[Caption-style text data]
··········
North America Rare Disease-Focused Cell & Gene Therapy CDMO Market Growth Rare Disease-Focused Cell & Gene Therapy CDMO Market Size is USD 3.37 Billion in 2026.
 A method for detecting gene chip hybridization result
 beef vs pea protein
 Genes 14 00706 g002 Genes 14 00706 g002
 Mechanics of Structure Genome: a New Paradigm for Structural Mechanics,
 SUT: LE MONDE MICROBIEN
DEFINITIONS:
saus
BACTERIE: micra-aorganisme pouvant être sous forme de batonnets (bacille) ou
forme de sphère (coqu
··········
TASK PROMPT:
Each record has to be given again exactly as written.

OUTPUT FOR THIS TASK:
North America Rare Disease-Focused Cell & Gene Therapy CDMO Market Growth Rare Disease-Focused Cell & Gene Therapy CDMO Market Size is USD 3.37 Billion in 2026.
 A method for detecting gene chip hybridization result
 beef vs pea protein
 Genes 14 00706 g002 Genes 14 00706 g002
 Mechanics of Structure Genome: a New Paradigm for Structural Mechanics,
 SUT: LE MONDE MICROBIEN
DEFINITIONS:
saus
BACTERIE: micra-aorganisme pouvant être sous forme de batonnets (bacille) ou
forme de sphère (coqu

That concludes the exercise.